• _Web page caption snippets_
*** Begin section ***

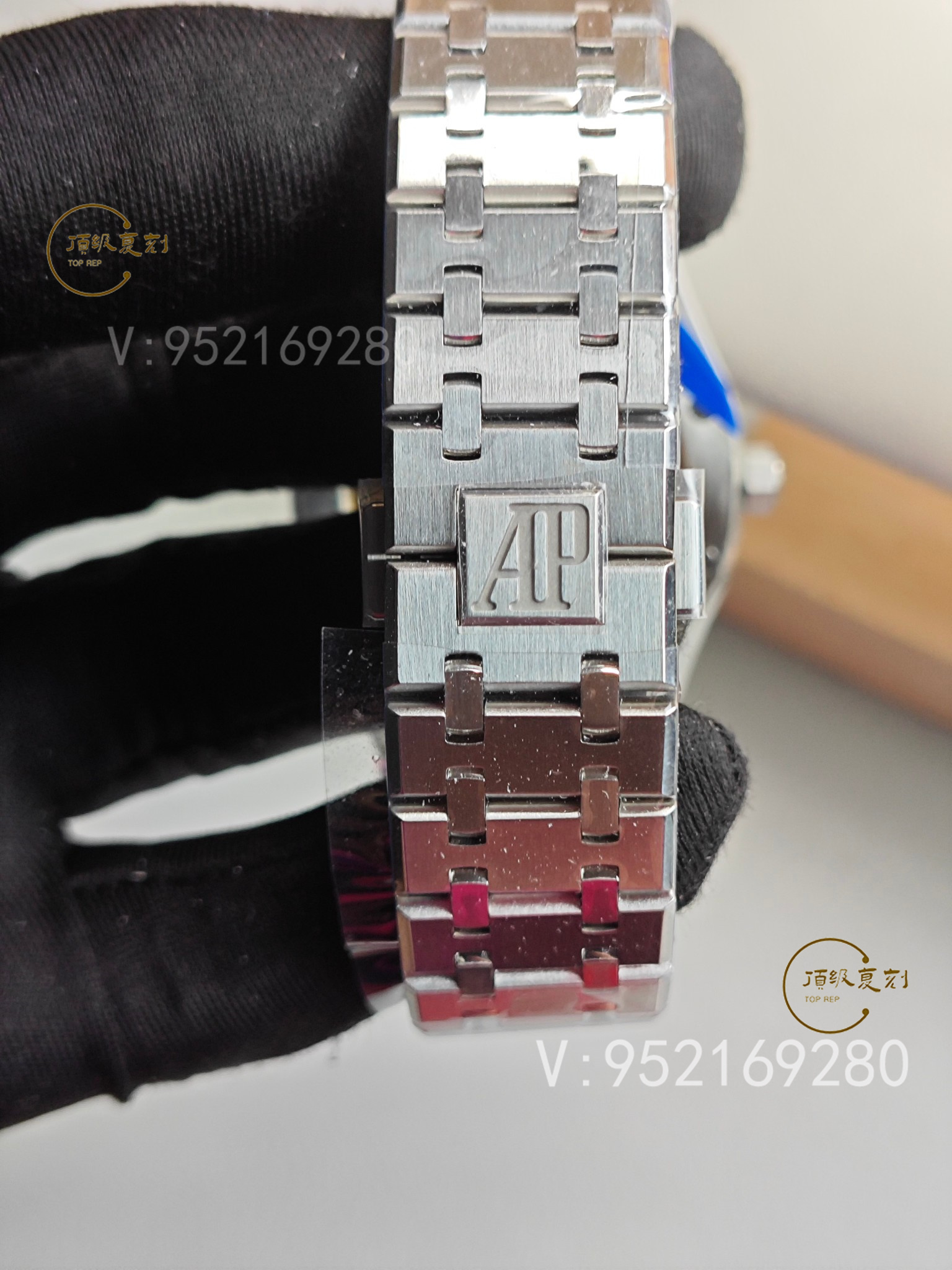 深入解析APS愛(ài)彼復(fù)刻表15500藍(lán)面版：4302一體機(jī)芯與原裝同步功能-復(fù)刻表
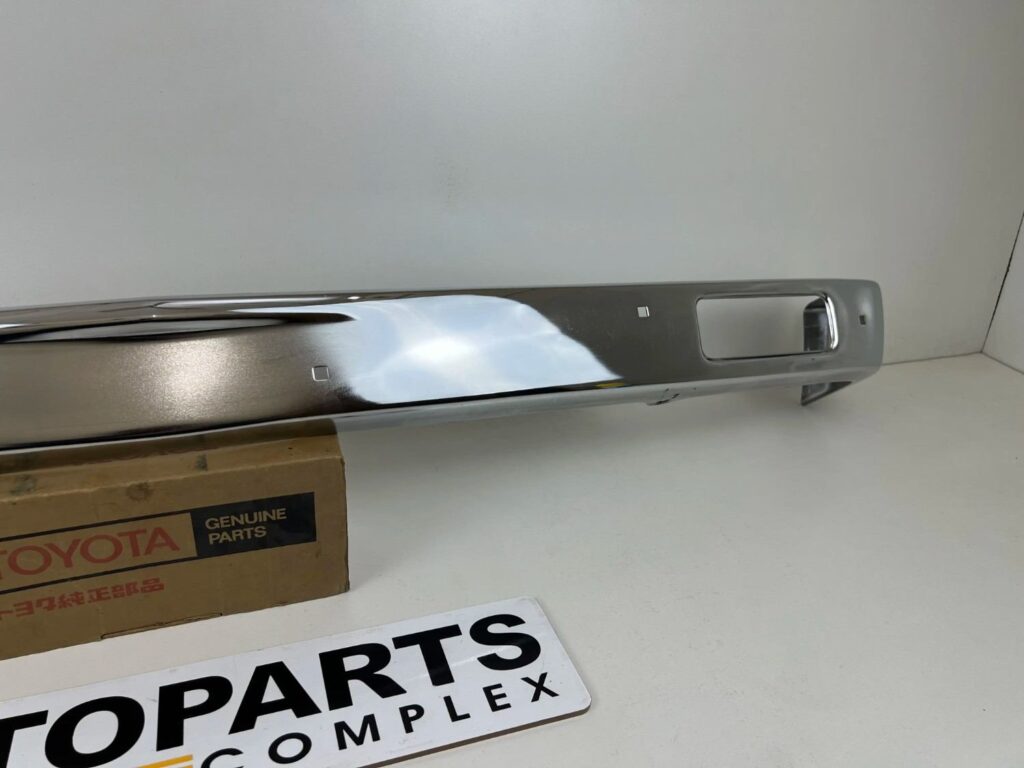 Corolla 1980 - 1983 (liftbackhardtopcoupe) Front chrome bumper (5)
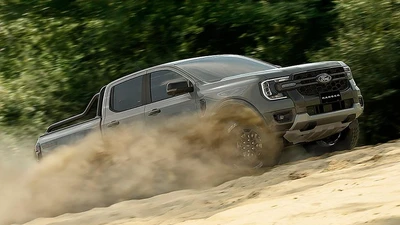 Ford Ranger 2026 ra mắt bản đặc biệt Wolftrak, khai tử máy dầu Bi-Turbo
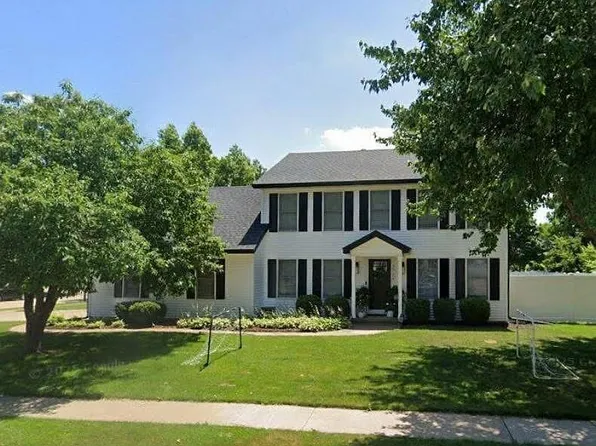 2729 Rosehill Ave, Bettendorf, IA 52722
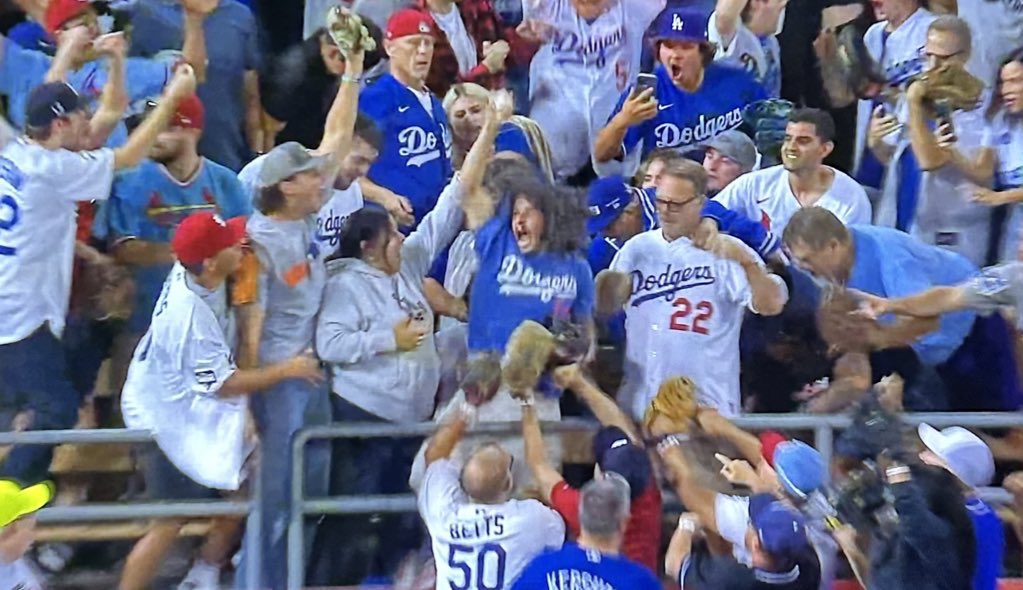 AustinPlanet's tweet image. For anyone wondering who caught it.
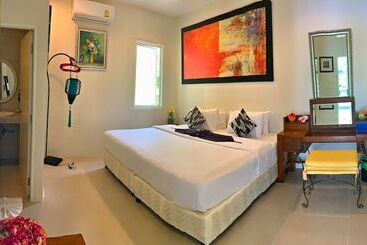 استراحتگاه Grand Bleu Ocean View Pool Suite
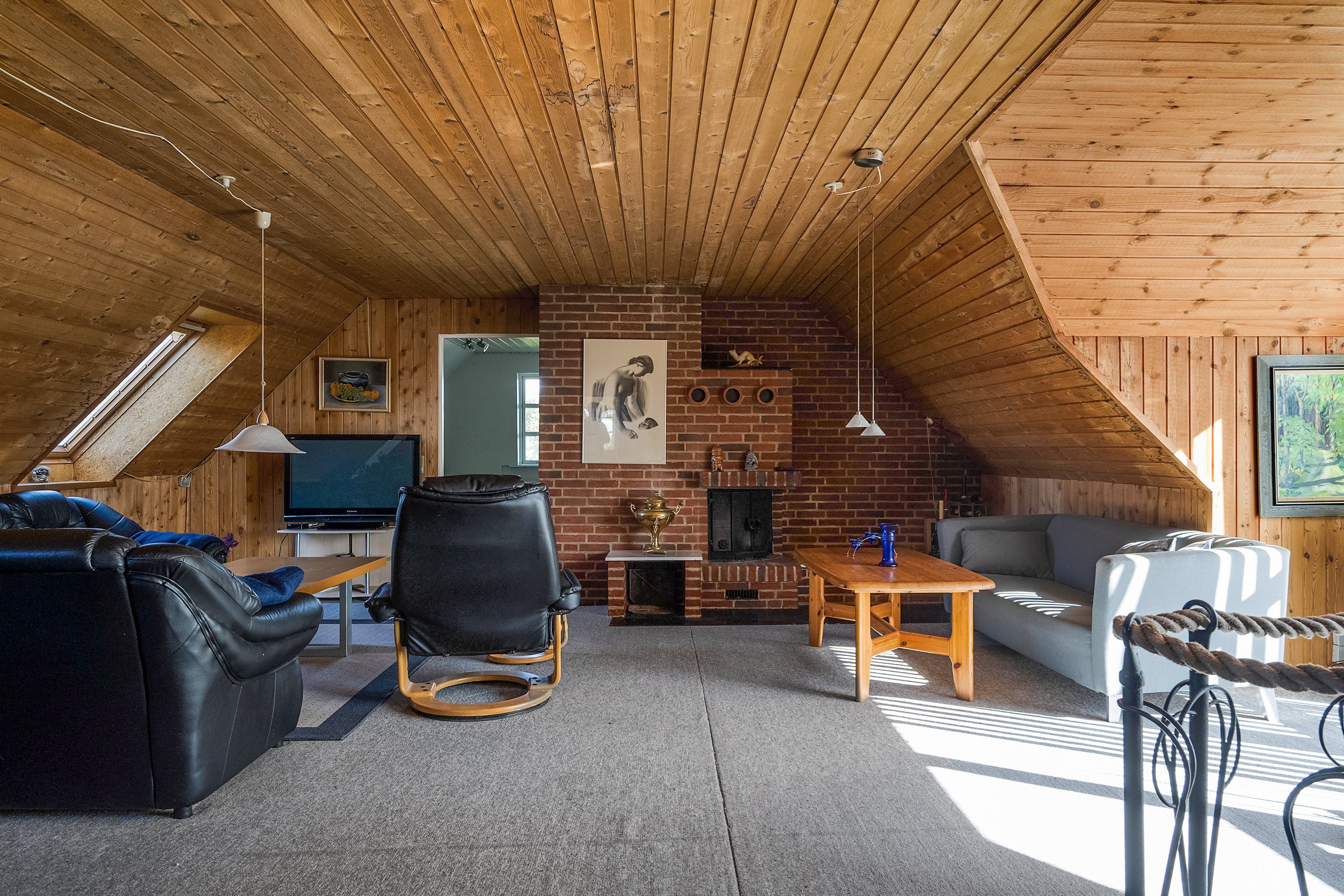 Fremhævet opholdsstue billede i fuldskærmstilstand. Billede af Enshøjvej 5, Mejlby, 9610 Nørager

*** End section ***

• _BRIEF_
Without any pictures, output the entries above exactly as they appear.

• _EXERCISE RESPONSE_
 深入解析APS愛(ài)彼復(fù)刻表15500藍(lán)面版：4302一體機(jī)芯與原裝同步功能-復(fù)刻表
 Corolla 1980 - 1983 (liftbackhardtopcoupe) Front chrome bumper (5)
 Ford Ranger 2026 ra mắt bản đặc biệt Wolftrak, khai tử máy dầu Bi-Turbo
 2729 Rosehill Ave, Bettendorf, IA 52722
 AustinPlanet's tweet image. For anyone wondering who caught it.
 استراحتگاه Grand Bleu Ocean View Pool Suite
 Fremhævet opholdsstue billede i fuldskærmstilstand. Billede af Enshøjvej 5, Mejlby, 9610 Nørager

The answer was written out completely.